[Exercise description] Reproduce exactly the line that contains "New Chevrolet Traverse" and every line after it through the end of the records below, leaving out all pictures.

Top of Entries supplied

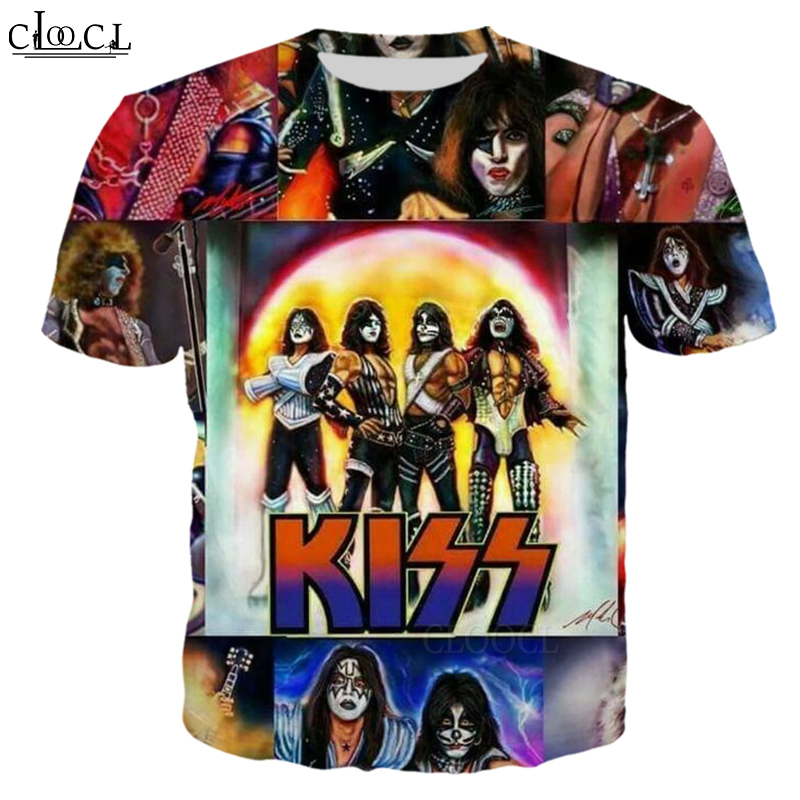 HX KISS Band 3D AliExpress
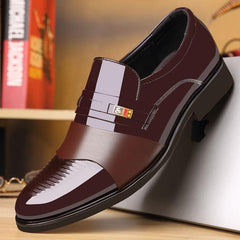 Business Dress Men Shoes Formal Slip On Footwear Shoes Men Loafers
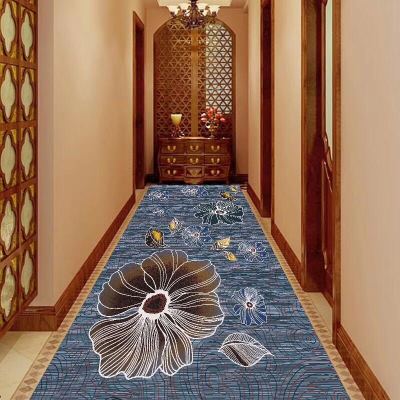 Floor mat size can be customized carpet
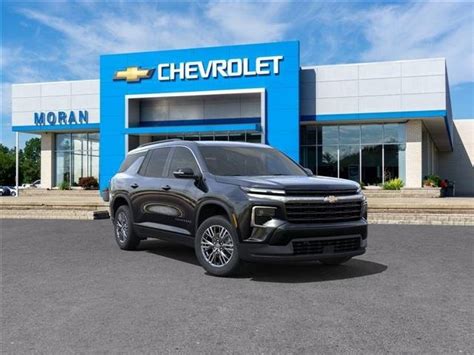 New Chevrolet Traverse Lt Suv In Clinton Township R Moran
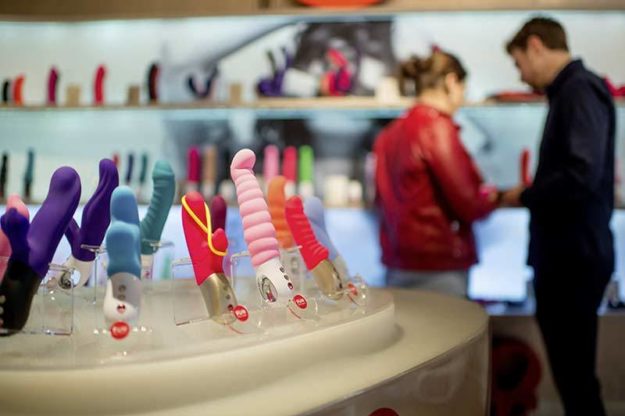 Fun Factory Colourful Sex Toys Photo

Bottom of Entries supplied

[Exercise result]
 New Chevrolet Traverse Lt Suv In Clinton Township R Moran
 Fun Factory Colourful Sex Toys Photo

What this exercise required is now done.